CATALEJO
Prensa y salud de políticos
Entre los derechos suspendidos, de hecho por el ejercicio de puestos públicos, se encuentra el del secreto de lo relacionado con su salud, diferencia de los ciudadanos comunes y corrientes, quienes pueden negarse a hablar de este tema. Por ser la salud de las autoridades un tema de interés público, debido a los posibles problemas políticos derivados de la separación temporal o definitiva de un cargo, sobre todo si es de elección, existen normas claras sobre cómo actuar. De hecho, el cargo de presidente tiene entre sus razones establecer una sucesión con alguien también electo. No se debe consultar a nadie, y la sucesión casi puede ser calificada de automática.
Es necesario señalarlo, porque algunas personas consideran intromisión periodística o de grupos políticos adversos cualquier cuestionamiento a este respecto. No lo es, aquí ni en el resto del mundo. Ello no significa divulgar reportes minuciosos con terminología médica, pero sí requiere de divulgar el desarrollo de cualquier enfermedad a través del doctor de la familia del funcionario, para evitar el uso de términos equivocados. Sí necesita emplear palabras exactas pero entendibles para la generalidad de ciudadanos, y sobre todo emplearlos con total sinceridad, sin evasivas. Es, sin duda, un tema difícil, causante de problemas de comunicación si no se habla bien.
Alejandro Giammattei hizo bien en dar su mensaje dominical, leído por un locutor. Mantenerse en el cargo, aunque sea en su casa, no le permite lo principal ahora: descansar, para no hacerlo después en paz… La vida y la política dan sorpresas. Un retiro definitivo causaría problemas serios: llegaría el vicepresidente, sin apoyo político, y el Congreso, ¡este Congreso!, sería el encargado de elegir al sustituto, quien entraría con mancha, sería objeto de presiones de todo tipo para buscar su renuncia. Ascendería ese alguien “X”, luego elegiría a un nuevo vicepresidente, ambos no electos, pero esta vez sin duda alguna escogidos por el peor Congreso de la historia. Por eso debe cuidarse.
Basura chapina a Honduras
El mal manejo de la basura en cualquiera de sus manifestaciones constituye la base de una serie de desastres de todo tipo. Basta ver los basureros clandestinos a la orilla de las carreteras, la conversión del Lago de Amatitlán en un inmenso pantanal de desechos, el avance del Lago de Atitlán para convertirse en algo parecido en un tiempo corto, y también el hasta cierto punto poco conocido caso del río Motagua, convertido en arrastre de basura hacia el Caribe, y por ello causante de serios daños a la parte cercana a Guatemala de la costa norte de Honduras. Las fotos ya no reflejan agua, sino basura cuya enorme área y grosor explica, con solo verlas, el malestar de los hondureños.
De nuevo, este problema se ha visto aumentado como consecuencia de la corrupción del nefasto Jimmy Morales y sus huestes. Poco antes de dejar el puesto de presidente y salir a esconderse en el funesto Parlacen para evadir la justicia por corrupción, para quedarse con 18 millones de quetzales, contrató a Alfonso Alonzo, entonces ministro de recursos naturales, inventor (¿???) de “biobardas”, simples botes envueltos en plástico para detener esa basura y recogerla. Fue como el “agüita mágica” de Baldetti. Falló, obviamente, como también ocurrió con ese monumento a la mala ingeniería de caminos conocido con el nombre de “libramiento de Chimaltenango”.
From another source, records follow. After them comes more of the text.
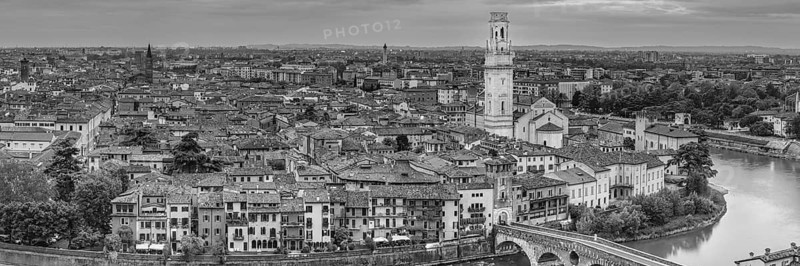Old Town with the River Etsch, Ponte Pietra, Verona, Etsch Valley, Veneto, Italy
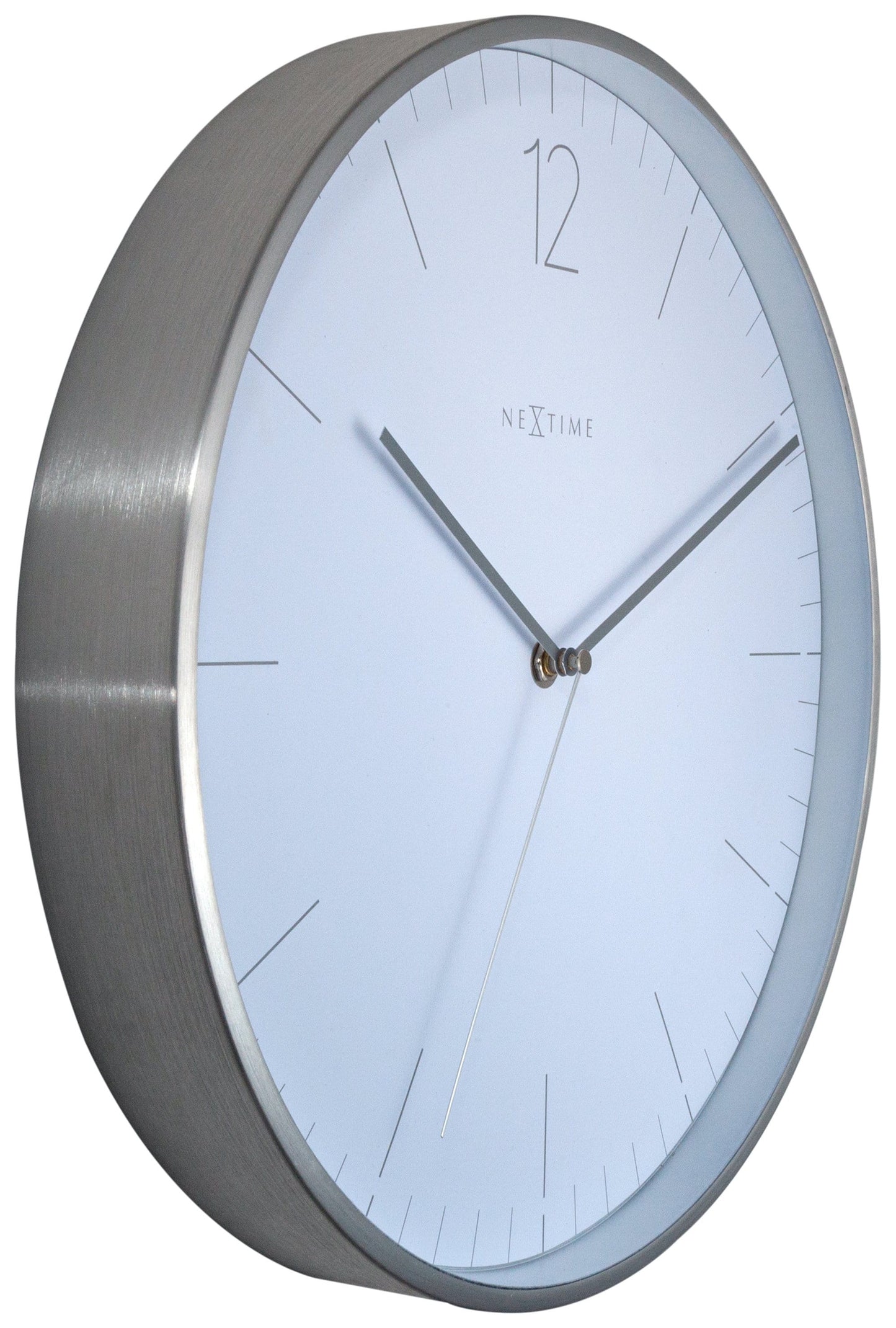 Wall clock - 34 cm - Glass / Metal - Elegant 'Essential Silver'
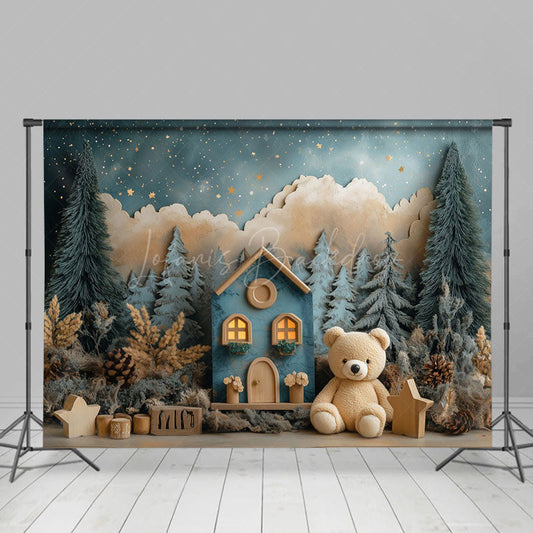 Lofaris Starry Night Forest Teddy Bear Cake Smash Backdrop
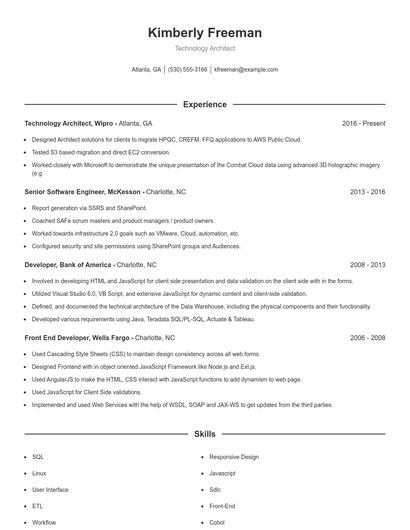 Resume example 1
Guatemaltecos y hondureños son ahora víctimas de la corrupción chapina. Es un problema cuya solución implica acciones de ambos países, pero especialmente del nuestro. Ilustra, además, el terrible resultado de dejarle a cada municipalidad del país la decisión de disponer de la basura, aguas negras, etcétera, en vez de cumplir con directrices derivadas de entidades científicas, no sólo el Gobierno ni la Asociación Nacional de Municipalidades. La necesidad de criterios unificados en muchos aspectos relacionados con las comunas evita o al menos disminuye los errores. La autonomía municipal no convierte a los municipios en paisitos independientes desinteresados en los vecinos.